L'ombre des choses à venir
de Yosuah Kossi Efoui

critiqué par Camarata, le 2 août 2011
( - 72 ans)


La note:  étoiles
Le pacte des hommes-crocodiles
Dans un contexte menaçant de misère et de cruauté, un roman éblouissant, chatoyant, sensuel et inspiré, dépourvu cependant, de l’incontournable histoire d’amour.
Il déborde de tant d’autres sortes et formes d’amour ; celui de maman Maïs, la prostituée qui recueille les orphelins et leur apprend l’entraide, celui de Ikko, « l’enfant des milles personnes », pour son père adoptif qui l’a sauvé de la moquerie et de la honte en lui donnant son nom, celui du bouquiniste axis Kemal pour les livres et la transmission, celui du père pour sa femme réincarnée en oiseau, celui du narrateur pour la forêt synonyme de liberté et d’espoir.

Le narrateur - orateur est un jeune homme qui s’apprête à franchir un pas décisif, il raconte son enfance dans un petit village du Congo soumis aux exigences cruelles des autorités d'occupation, qui déplacent à leur convenance les hommes dans des plantations pour y travailler comme des esclaves.

« Des êtres glébeux qui semblaient être sortis de terre pour de vrai, sans être passés par le ventre d’aucune mère, sans avoir connu dans le ventre d’une mère la cuisson et le raffinage de la boue dont nous sommes faits »

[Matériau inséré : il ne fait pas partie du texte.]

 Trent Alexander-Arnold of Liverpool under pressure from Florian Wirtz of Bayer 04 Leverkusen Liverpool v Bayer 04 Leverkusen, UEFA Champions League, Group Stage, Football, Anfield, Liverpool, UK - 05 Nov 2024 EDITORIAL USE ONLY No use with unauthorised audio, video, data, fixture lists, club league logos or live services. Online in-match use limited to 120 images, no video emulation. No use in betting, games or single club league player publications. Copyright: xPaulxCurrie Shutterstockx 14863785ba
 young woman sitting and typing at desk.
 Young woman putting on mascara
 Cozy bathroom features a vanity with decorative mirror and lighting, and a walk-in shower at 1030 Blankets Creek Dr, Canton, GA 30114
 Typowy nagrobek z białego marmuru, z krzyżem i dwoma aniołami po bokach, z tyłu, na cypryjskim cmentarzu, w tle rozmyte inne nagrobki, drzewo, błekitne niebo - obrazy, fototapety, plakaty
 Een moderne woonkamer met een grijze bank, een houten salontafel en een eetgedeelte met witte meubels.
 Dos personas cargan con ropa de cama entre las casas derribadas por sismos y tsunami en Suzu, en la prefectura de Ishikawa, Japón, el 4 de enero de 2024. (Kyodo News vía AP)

Son père a été déplacé dans les plantations quand l’enfant avait cinq ans. Lors de son retour avec d’autres rescapés, il est comme mort, éteint et ne prononce plus une parole.

A 12 ans l’orateur décroche une bourse et va faire ses études dans un internat de pointe, gloire du gouvernement, nommé en toute simplicité « Fer de lance »
C’est à cette occasion qu’il fait la connaissance d’Axis Kemal, bouquiniste, entremetteur de travestis et passeur d’univers.

« Quand ces corps excessifs faisaient leur entrés, ils étaient beaux comme les acteurs savent être beaux : en dehors des contingences de leurs corps ordinaire ; C’était la manifestation d’un corps glorieux dont seul l’habit révèle et filtre la lumière. »


Dans le fouillis livresque du bouquiniste Axis Kemal, le jeune homme cherche et croit trouver un témoignage sur la déportation de son père et la raison de son état actuel.

Il est appelé par les autorités à une sorte de service militaire nommé l’épreuve de la frontière, qui a pour but de circonscrire et de mater des populations nomades qui veulent continuer à vivre dans la foret .

« Des populations qu’un attachement atavique à la forêt rend rétive à l’avancée de la prospection minière, source du bonheur communautaire »


Son frère adoptif Ikko est revenu fou de cette épreuve, aussi avec l’aide d’Axis Kemal qui a monté un réseau de résistance avec les « hommes- crocodiles », il décide d’entreprendre le passage irréversible, d’un univers à l’autre…

Le style narratif, riche, inventif, onirique porte le récit à l’incandescence.